## WHAT YOU ARE ASKED TO DO
Once you reach the line containing "DR. KALPAJYOTI BHATTACHARJEE" in the entries below, write out that line and each one after it down to the line containing "DEPT. OF ORAL PATHOLOGY AND MICROBIOLOGY", exactly and with nothing added.
***** GIVEN INFORMATION
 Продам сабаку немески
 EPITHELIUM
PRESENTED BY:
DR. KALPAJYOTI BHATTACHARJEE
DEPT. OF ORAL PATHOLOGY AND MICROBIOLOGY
**********
***** GIVEN INFORMATION
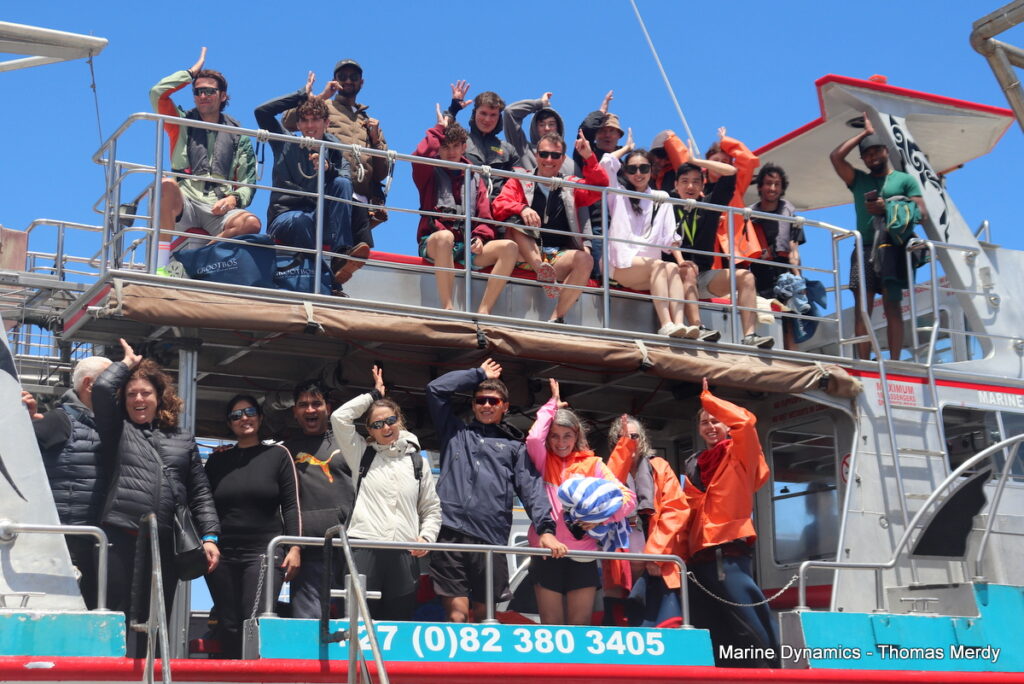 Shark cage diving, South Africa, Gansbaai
**********
## PROBLEM SOLUTION
DR. KALPAJYOTI BHATTACHARJEE
DEPT. OF ORAL PATHOLOGY AND MICROBIOLOGY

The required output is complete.